Chapter 2 Getting started with RStudio
2.1 Installing R
For downloading R, just visit the website of the Comprehensive R Archive Network (CRAN). CRAN is simply a network of ftp and web servers all around the world. Here, things related to R (code, documentation, etc.) are stored and can be downloaded. On top of the page, you will find a box with three links that refer to different versions depending on your operating system. Choose the one that applies.
Thereafter, just click the link for downloading the latest version (we will work with R 4.1.0). If you are on a Mac (as I am), it will look like this:
After the download is finished, just execute the installer and, once it is done, you can proceed with the installation of RStudio.
New versions of R are released multiple times per year. If you want to update your R, the process is the same as installing it from scratch: go to https://cran.r-project.org, download the latest version, install it, and that is basically it.
2.2 Installing RStudio
When you are on a Windows or Mac machine and you click the R icon, a window (the so-called Mac or Windows GUI – graphic user interface) that looks pretty much like your machine’s terminal will appear. You could now just type R code in there and execute it – and, in fact, that is how the users did it the ancient way. In my opinion, this is fairly inconvenient.

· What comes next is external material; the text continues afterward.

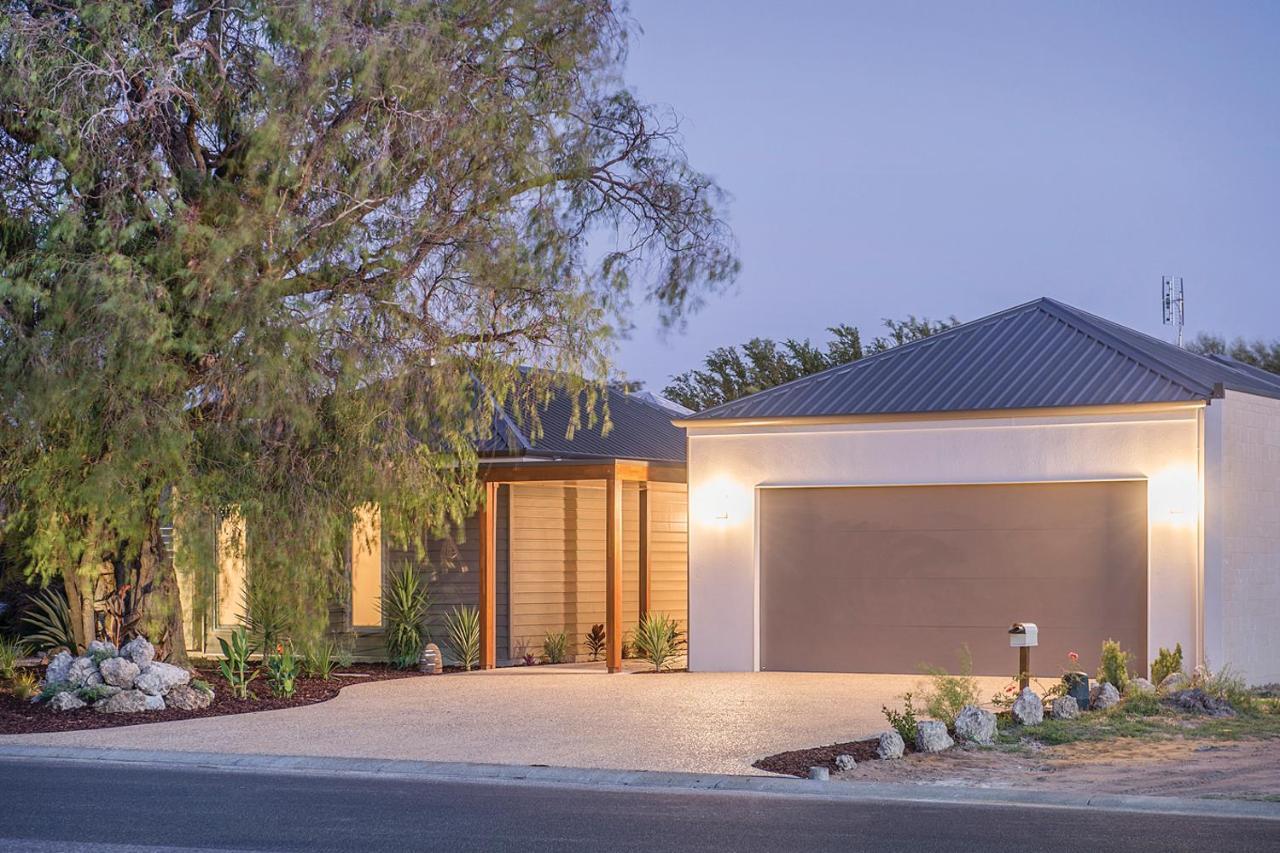 Holiday home Coco Belle Dunsborough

Luckily, we have progressed a lot from that and come up with IDEs (integrated development environments) for R. The most popular among them is RStudio which we will use as well.

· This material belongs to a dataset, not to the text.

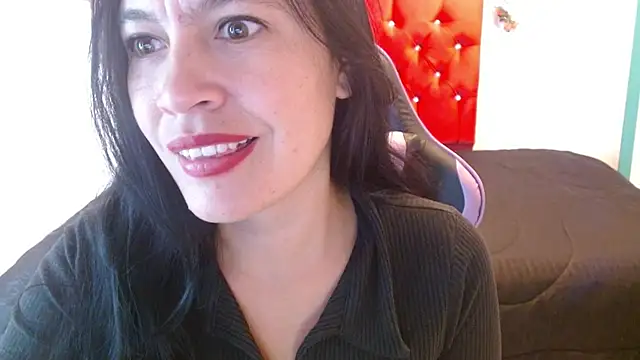 cristal1609 online show from 01.07.26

To install RStudio, just click on this link, choose the right version (i.e., RStudio Desktop – Open Source License), and hit the download button. After downloading it, you simply install it, and then you are good to go.
2.3 Setting up RStudio
After installing RStudio, you can open it just like every other application on your machine. When you open it for the very first time, a window will appear that looks like this:
As you can see, there are three panes. When you open a script (for instance, by clicking File >> New File >> R Script), a fourth one will appear in the upper part on the left side. If you open multiple scripts, they will be organized in tabs as well.

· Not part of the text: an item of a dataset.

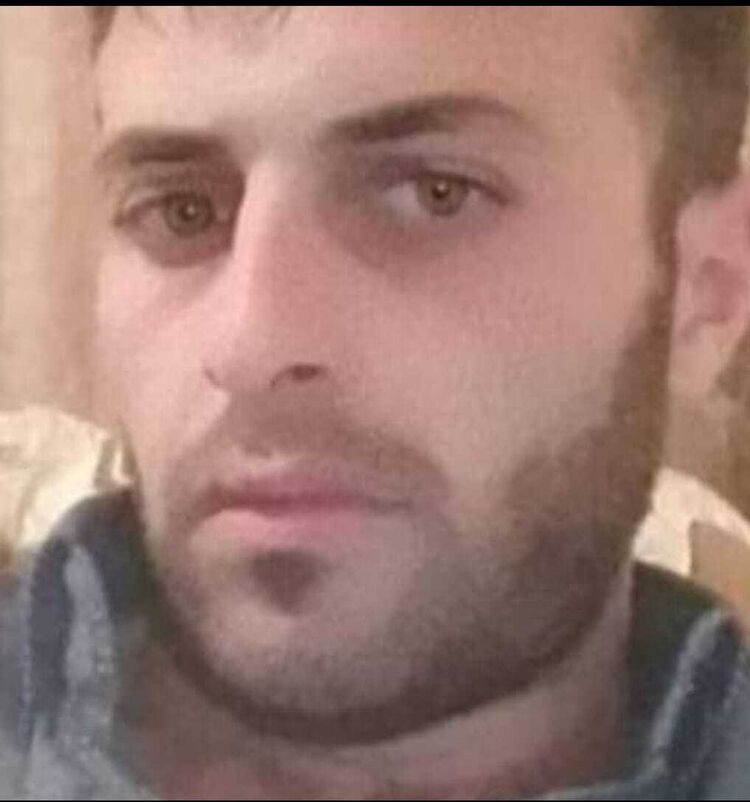 ���� 51059321 ������� �����, 33 ����, ���� ���������� � ������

Every pane contains different things:
- By default, the console can be found in the lower left pane. This is basically how the GUI would look like. You can either manually enter commands, and execute them by pressing return, or write code in the script (upper left pane), and run it by either clicking “Run” or hitting cmd/ctrl+return (Mac/Windows). Then, the console will show, (1), the code you ran and, (2), depending on what you executed, the output.
- In the upper right pane, there are two tabs: the environment and the history. The former will show you all the objects you have defined, the latter all the commands you have executed.
- The lower left pane now consists of four tabs: “Files” simply shows you the files that are stored in the working direction you are in. “Plots” is only used if you have plotted something – and is then called automatically, so you will probably never click on it. In “Packages,” as the name hints on, all the packages that are installed are listed. In theory, you could call them from there as well – but I strongly recommend not to. And finally, the “Help” tab provides you with documentations of packages etc. This sounds handy, but I hardly use it – simple googling or calling the
?[name_of_function]
has worked out best for me so far.
In the following, I will tell you more about what has appeared to work best FOR ME:
Disclaimer: Every useR has their own preferences when it comes to their setup. Hence, you should see the following paragraphs only as recommendations that originate from my experience.
As you may have noticed, there are a lot of different things RStudio provides you with. However, in every-day use, you will mostly use these five: the script you are actually working on. The console for seeing what your code has produced. The environment for a quick overview of the objects you are actually working with. The “Files” section for seeing the files in your working directory (this is where R projects will come in extremely handy). The “Plots” section for seeing your visualizations.
As the latter opens by itself as soon as you plot something, I mainly use the former four. However, if you use RStudio projects – as you definitely should – you will only occasionally need the “Files” section. Furthermore, your screen is wider than it is high. Hence, vertical space is scarcer than horizontal. At the heart of your coding lies your script, you should therefore give it the utmost space possible. On the right then there is space for two panes you will always have to give quick glimpses: the console and the environment. I put the former to the bottom and the latter on top. When the “Plots” section opens up, you will manually have to return to your former tab. Therefore, I put it to the lower left side where it does not bother me and I can minimize it with one click when I do not need it anymore.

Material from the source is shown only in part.